Monday, April 12, 2010

Mindanao scholars speak in international confab on Muslim action in climate change

The Muslim world has now become concerned on global warming and climate change because of the more than one billion Muslims, seventy percent live in the East part of the world and in countries which are very vulnerable to the impacts of climate change like India, Pakistan, Bangladesh, Malaysia, Indonesia and the Philippines.

To respond to this global problem, the Muslim Seven Year Action Plan for Climate Change (M7YAP) was crafted in Istanbul, Turkey in June 2009 for all Muslim countries. Part of this action plan was to convene the First International Conference on Muslim Action on Climate Change in Bogor, West Java, Indonesia last April 9-10.

The objectives of the conference were to raise awareness of communities, stakeholders and decision makers in the Muslim World on the threat of climate change and the need for making responsible actions by Muslim communities in each of the country’s development context and to promote dialogues and interactive learning process in developing strategy and guidelines as well as coordinated program of actions by the Muslim communities all over the world on how to deal with climate change issues.

Some 200 environment experts, academics and clerics from 30 countries with Moslem population, such as the United Arab Emirates, Brunei Darussalam, Malaysia, India, Africa, Saudi Arabia, Iran, Kuwait, Egypt, Britain, Indonesia and the Philippines attended this conference.

From the Philippines, Amina Rasul, the Lead Convenor of the Philippine Council for Islam and Democracy and Dr. Filemon G. Romero, Professor of Oceanography of Environmental Science of the Mindanao State University in Tawi-Tawi were invited as resource persons.

Rasul talked on the Philippine Initiatives on Climate Change: Actions Needed for Muslim Mindanao while Romero presented a paper entitled “Institutionalizing Education for Sustainable Development in Muslim Communities, Philippines: Tawi-Tawi in Focus”.

Among the major agreements in the conference were to promote collaboration among Muslim countries by mobilizing scientists to conduct research on climate change and environmental sustainability; train the ulamas or religious leaders on knowledge on climate change for them to propagate as khutbas their congregations; promote a special curriculum on environmental issues in Islamic schools or madrasas from elementary to university level. It was also agreed that a position paper be submitted to the OIC to put pressure on the international community to deal with global warming.

Another highlight of this conference was the declaration of Bogor City in Indonesia as the first Islamic Green city or Al Khaer City in the world.

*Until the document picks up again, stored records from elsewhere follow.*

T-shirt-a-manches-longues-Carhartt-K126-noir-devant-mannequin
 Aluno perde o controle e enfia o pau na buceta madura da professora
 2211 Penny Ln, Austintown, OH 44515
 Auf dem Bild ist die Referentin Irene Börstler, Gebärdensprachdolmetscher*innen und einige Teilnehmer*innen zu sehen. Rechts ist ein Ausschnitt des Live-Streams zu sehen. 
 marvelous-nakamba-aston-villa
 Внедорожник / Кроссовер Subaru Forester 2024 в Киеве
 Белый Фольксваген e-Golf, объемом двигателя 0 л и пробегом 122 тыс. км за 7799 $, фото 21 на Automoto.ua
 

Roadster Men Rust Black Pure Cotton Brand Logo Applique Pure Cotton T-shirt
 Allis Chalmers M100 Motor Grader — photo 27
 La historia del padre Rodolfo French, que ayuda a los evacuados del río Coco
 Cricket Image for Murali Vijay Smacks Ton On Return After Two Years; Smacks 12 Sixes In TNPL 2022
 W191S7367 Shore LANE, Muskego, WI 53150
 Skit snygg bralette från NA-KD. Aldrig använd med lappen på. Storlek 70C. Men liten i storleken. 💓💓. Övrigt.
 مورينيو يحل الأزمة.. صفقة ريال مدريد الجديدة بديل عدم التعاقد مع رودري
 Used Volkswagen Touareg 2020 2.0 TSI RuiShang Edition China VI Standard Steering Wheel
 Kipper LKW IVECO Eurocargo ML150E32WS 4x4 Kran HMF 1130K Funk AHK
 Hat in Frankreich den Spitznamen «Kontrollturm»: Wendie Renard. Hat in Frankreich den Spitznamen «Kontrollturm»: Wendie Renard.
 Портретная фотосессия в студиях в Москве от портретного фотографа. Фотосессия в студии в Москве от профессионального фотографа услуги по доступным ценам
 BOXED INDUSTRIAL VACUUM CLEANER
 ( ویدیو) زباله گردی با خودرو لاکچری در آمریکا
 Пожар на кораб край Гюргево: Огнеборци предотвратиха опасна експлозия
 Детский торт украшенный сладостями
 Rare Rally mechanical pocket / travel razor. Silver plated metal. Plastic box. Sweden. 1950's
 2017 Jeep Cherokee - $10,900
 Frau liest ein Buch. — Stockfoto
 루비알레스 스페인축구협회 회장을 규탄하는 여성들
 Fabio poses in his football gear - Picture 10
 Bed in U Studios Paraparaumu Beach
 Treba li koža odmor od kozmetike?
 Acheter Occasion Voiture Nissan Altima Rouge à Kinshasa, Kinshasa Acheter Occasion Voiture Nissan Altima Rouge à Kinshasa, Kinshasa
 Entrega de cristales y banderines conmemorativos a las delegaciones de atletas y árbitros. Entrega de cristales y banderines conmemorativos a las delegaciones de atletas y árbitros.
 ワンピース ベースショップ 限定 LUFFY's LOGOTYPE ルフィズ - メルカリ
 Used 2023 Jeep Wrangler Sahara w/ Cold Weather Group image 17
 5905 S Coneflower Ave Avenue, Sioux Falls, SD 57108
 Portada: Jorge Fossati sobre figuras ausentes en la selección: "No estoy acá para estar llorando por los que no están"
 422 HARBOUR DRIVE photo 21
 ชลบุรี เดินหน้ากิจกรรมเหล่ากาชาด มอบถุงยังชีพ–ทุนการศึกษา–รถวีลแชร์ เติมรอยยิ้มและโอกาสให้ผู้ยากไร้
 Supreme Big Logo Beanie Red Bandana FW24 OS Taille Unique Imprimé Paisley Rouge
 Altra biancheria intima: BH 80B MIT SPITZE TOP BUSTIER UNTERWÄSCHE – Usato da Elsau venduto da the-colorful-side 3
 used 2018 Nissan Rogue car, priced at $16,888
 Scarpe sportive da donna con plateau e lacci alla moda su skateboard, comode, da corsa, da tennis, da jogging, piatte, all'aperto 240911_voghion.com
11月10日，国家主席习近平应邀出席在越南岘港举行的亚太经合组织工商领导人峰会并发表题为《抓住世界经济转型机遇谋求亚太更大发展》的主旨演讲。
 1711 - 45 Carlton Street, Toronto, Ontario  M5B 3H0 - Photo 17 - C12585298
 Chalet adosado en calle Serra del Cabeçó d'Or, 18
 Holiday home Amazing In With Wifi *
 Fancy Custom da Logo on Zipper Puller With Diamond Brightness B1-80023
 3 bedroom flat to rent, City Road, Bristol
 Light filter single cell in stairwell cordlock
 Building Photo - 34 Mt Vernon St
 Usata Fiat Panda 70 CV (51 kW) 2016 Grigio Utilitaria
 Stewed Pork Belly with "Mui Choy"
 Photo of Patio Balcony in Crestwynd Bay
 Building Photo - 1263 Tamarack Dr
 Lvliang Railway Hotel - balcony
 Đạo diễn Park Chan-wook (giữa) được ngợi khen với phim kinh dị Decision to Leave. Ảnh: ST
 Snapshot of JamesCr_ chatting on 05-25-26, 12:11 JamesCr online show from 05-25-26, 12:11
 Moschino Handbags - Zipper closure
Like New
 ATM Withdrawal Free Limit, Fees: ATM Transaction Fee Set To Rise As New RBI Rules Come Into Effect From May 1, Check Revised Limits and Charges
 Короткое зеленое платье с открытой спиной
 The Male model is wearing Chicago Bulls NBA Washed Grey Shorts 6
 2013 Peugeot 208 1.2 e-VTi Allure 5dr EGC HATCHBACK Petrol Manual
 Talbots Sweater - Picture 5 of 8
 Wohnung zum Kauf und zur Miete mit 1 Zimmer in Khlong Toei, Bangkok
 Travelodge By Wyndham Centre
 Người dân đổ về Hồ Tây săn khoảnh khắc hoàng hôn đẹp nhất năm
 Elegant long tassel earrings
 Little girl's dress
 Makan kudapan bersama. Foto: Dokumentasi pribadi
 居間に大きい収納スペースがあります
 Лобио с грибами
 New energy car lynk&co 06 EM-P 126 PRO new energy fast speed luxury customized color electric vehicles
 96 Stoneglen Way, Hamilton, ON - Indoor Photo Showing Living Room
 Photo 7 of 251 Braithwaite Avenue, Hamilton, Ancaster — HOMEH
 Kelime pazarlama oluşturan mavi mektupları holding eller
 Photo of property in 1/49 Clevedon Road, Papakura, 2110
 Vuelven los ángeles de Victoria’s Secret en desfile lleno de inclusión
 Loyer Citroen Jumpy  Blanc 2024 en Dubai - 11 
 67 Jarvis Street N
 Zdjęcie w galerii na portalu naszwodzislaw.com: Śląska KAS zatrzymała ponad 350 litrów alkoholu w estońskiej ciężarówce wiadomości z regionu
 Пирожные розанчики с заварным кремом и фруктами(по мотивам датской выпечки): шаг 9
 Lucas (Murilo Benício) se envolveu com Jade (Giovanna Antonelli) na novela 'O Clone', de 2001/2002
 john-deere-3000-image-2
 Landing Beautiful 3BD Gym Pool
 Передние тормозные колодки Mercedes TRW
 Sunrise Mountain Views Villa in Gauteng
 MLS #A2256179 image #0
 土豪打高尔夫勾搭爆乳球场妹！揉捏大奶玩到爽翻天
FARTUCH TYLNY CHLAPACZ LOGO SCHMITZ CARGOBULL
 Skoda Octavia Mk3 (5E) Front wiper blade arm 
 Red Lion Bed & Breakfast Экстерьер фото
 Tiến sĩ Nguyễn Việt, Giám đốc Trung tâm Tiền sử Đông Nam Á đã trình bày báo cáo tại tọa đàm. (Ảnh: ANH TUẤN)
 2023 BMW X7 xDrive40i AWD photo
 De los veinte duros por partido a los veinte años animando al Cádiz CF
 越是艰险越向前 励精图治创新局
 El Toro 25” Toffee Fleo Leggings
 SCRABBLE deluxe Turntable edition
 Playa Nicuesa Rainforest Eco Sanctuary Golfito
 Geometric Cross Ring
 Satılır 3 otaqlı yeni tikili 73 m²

The conference was held in cooperation with several private organizations, such as Muhammadiyah, Nahdlatul Ulama, the Indonesian Council of Ulemas, the Kehati Foundation and the Conservation International Indonesia with support from the ministries of forestry, environment, religious affairs and the Bogor city administration, the National Council on Climate Change and the Earth Mate Dialogue Center based in London.